* Try it:
I'd like the entire listing output verbatim, apart from the pictures.

* Dataset extract:
== Segment start ==

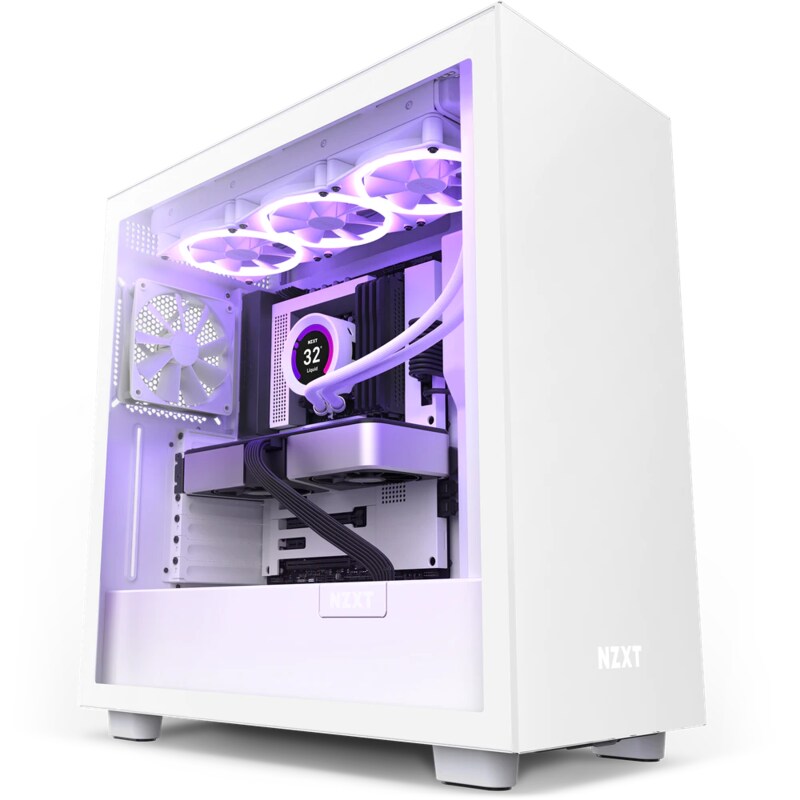 NZXT H7 White Midi Tower ATX Gaming Gehäuse weiß mit Glasfenster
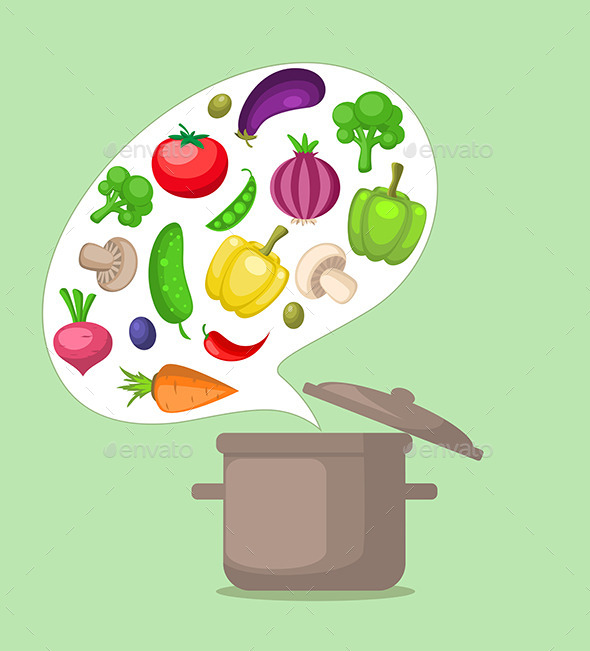 GraphicRiver Vegetables and Pan 10963583 GraphicRiver Vegetables and Pan 10963583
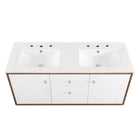 Modway Transmit 48" Wall-Mount Bathroom Vanity - Walnut/White-Chrome Hardware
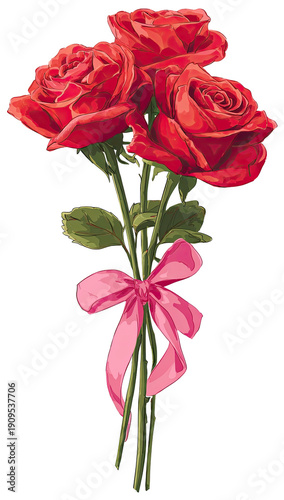 A bouquet of three vibrant red roses tied with a pink ribbon against a stark black background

== Segment end ==

* Solution to this problem:
 NZXT H7 White Midi Tower ATX Gaming Gehäuse weiß mit Glasfenster
 GraphicRiver Vegetables and Pan 10963583 GraphicRiver Vegetables and Pan 10963583
 Modway Transmit 48" Wall-Mount Bathroom Vanity - Walnut/White-Chrome Hardware
 A bouquet of three vibrant red roses tied with a pink ribbon against a stark black background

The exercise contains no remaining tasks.